EXERCISE AIM: Look for the line with "317bet com login" in the entries below, then extract that line and all lines after it exactly, with pictures left out.

INFORMATION SHOWN:
|---|
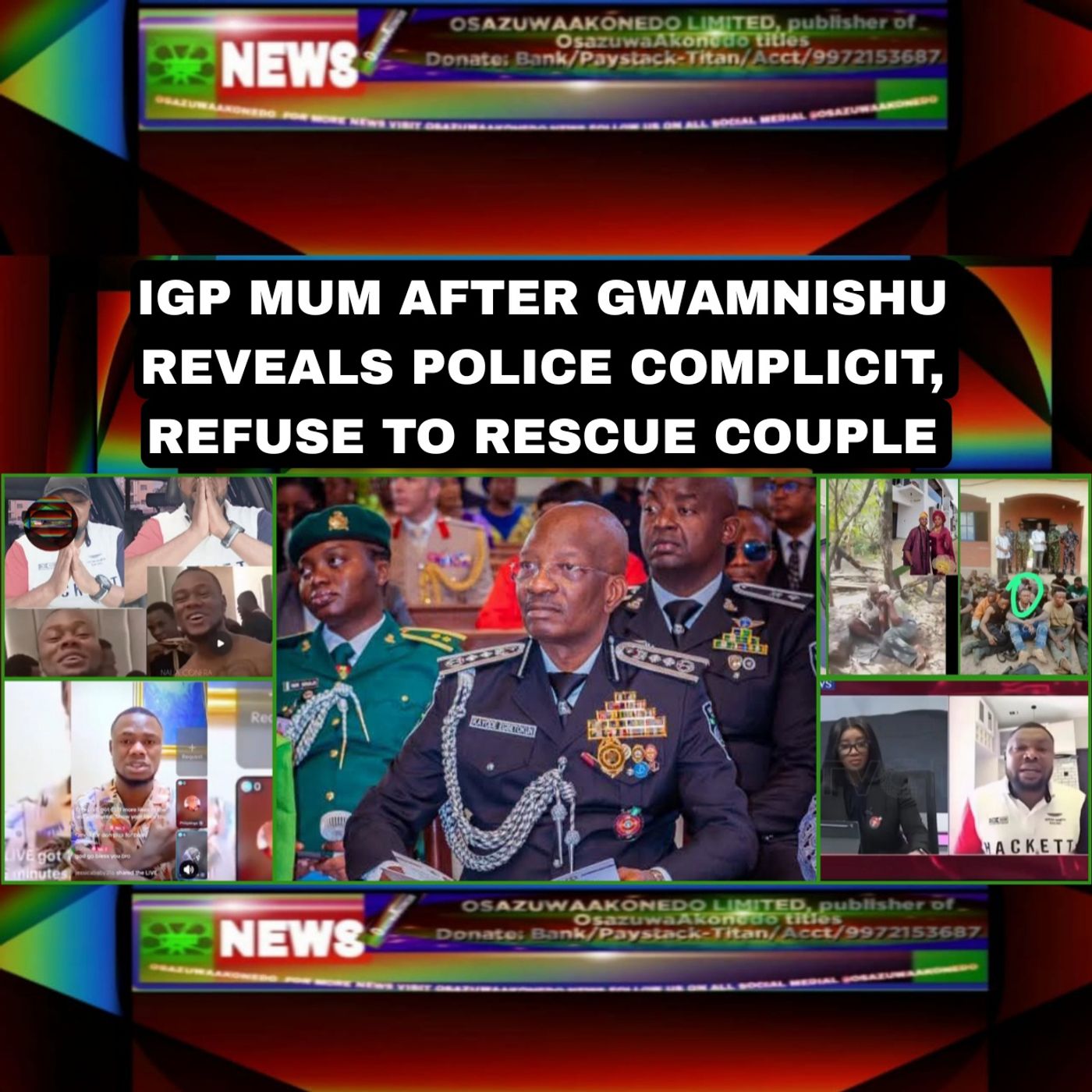 IGP Mum After Gwamnishu Reveals Police Complicit, Refuse To Rescue Couple episode artwork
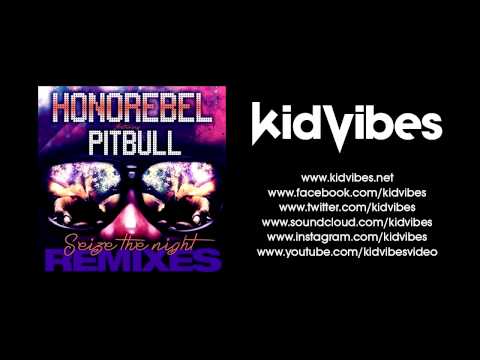 HONOREBEL FEAT. PITBULL - SEIZE THE NIGHT (KID VIBES OFFICIAL RADIO REMIX)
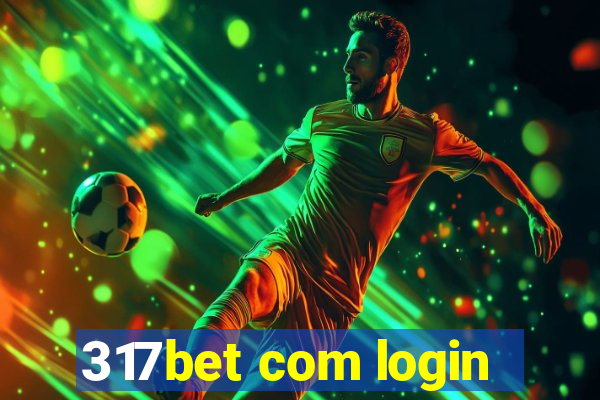 317bet com login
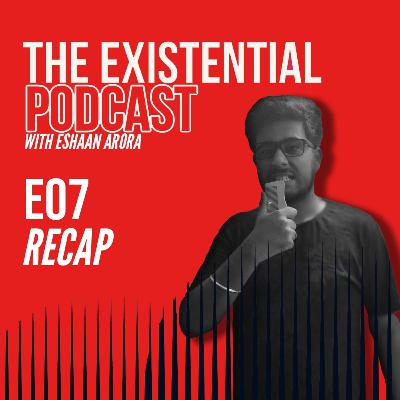 S1E7 - Recap S1E7 - Recap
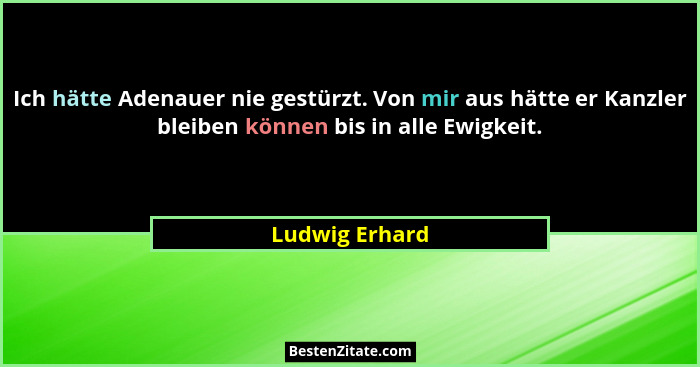 Ich hätte Adenauer nie gestürzt. Von mir aus hätte er Kanzler bleiben können bis in alle Ewigkeit.... - Ludwig Erhard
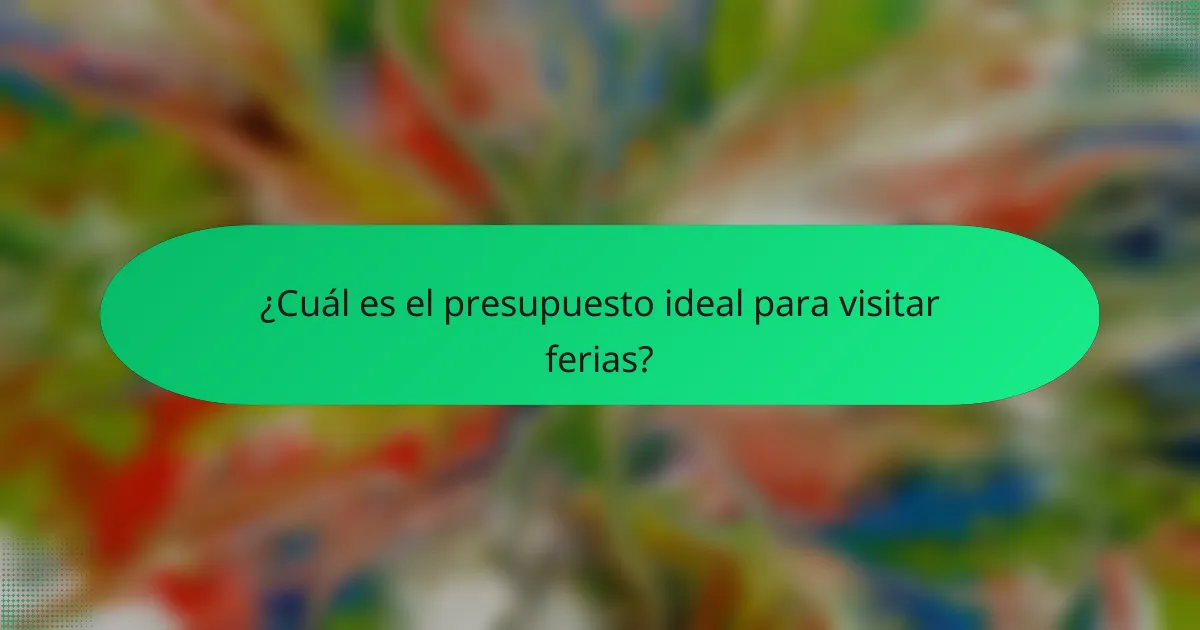 ¿Cuál es el presupuesto ideal para visitar ferias?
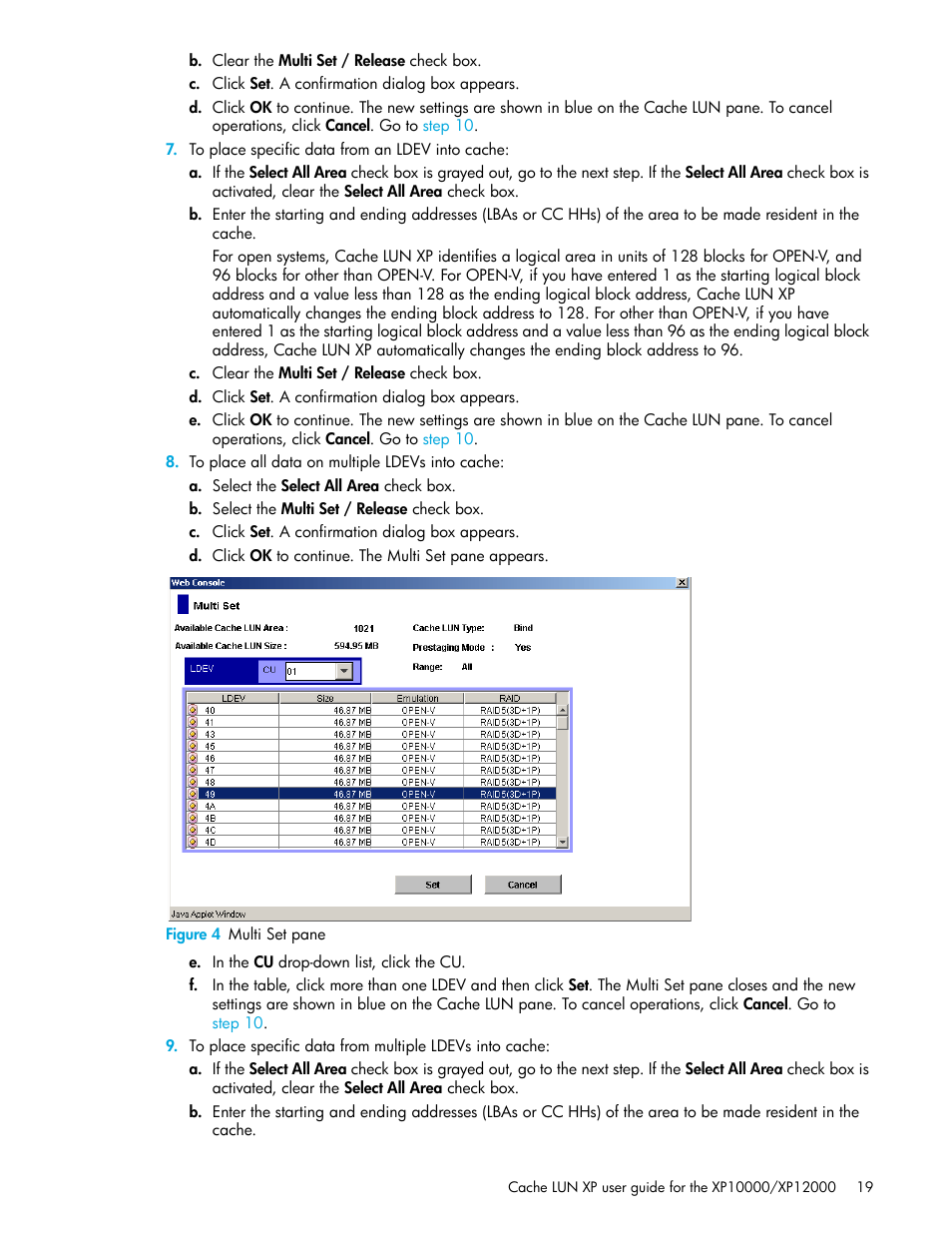 Figure 4 multi set pane, 4 multi set pane, Step 7 | Step 8, Step 9 | HP StorageWorks XP Remote Web Console Software User Manual | Page 19 / 30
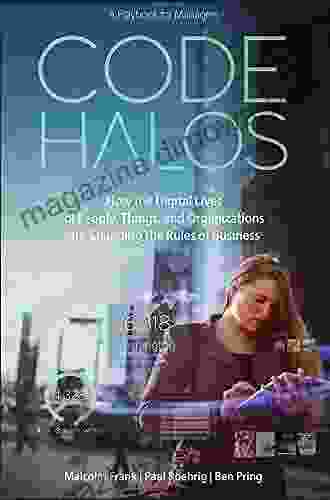 Code Halos: How The Digital Lives Of People Things And Organizations Are Changing The Rules Of Business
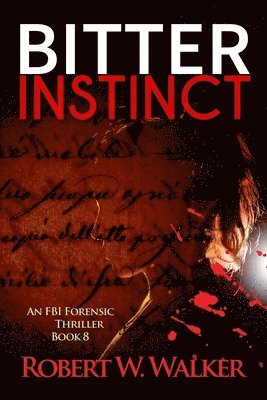 Robert W. Walker - Bitter Instinct, Häftad. Tillgänglighet: Lägg i varukorg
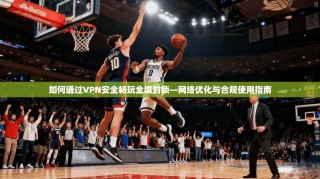 如何通过VPN安全畅玩全境封锁—网络优化与合规使用指南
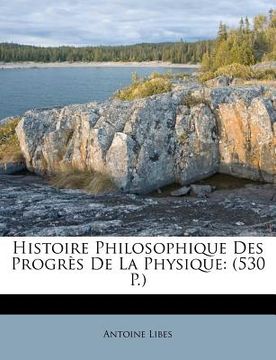 portada Histoire Philosophique Des Progrès De La Physique: (530 P.) (in French)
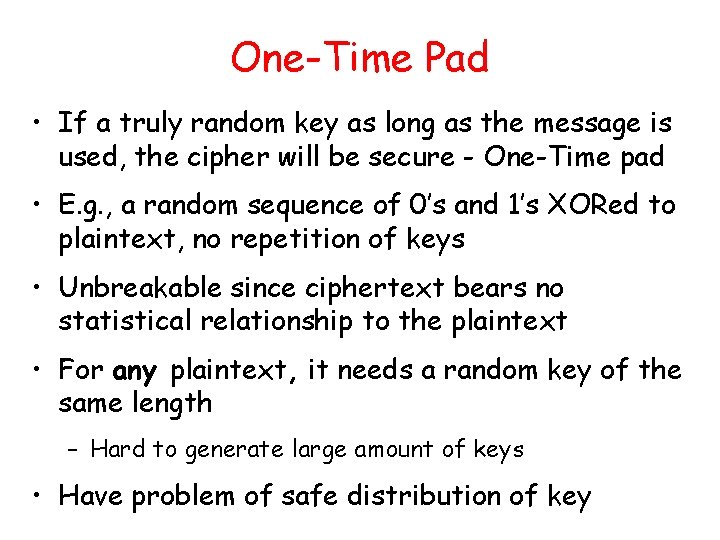 One-Time Pad • If a truly random key as long as the message is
|---|
PROBLEM SOLUTION:
 317bet com login
 S1E7 - Recap S1E7 - Recap
 Ich hätte Adenauer nie gestürzt. Von mir aus hätte er Kanzler bleiben können bis in alle Ewigkeit.... - Ludwig Erhard
 ¿Cuál es el presupuesto ideal para visitar ferias?
 Figure 4 multi set pane, 4 multi set pane, Step 7 | Step 8, Step 9 | HP StorageWorks XP Remote Web Console Software User Manual | Page 19 / 30
 Code Halos: How The Digital Lives Of People Things And Organizations Are Changing The Rules Of Business
 Robert W. Walker - Bitter Instinct, Häftad. Tillgänglighet: Lägg i varukorg
 如何通过VPN安全畅玩全境封锁—网络优化与合规使用指南
 portada Histoire Philosophique Des Progrès De La Physique: (530 P.) (in French)
 One-Time Pad • If a truly random key as long as the message is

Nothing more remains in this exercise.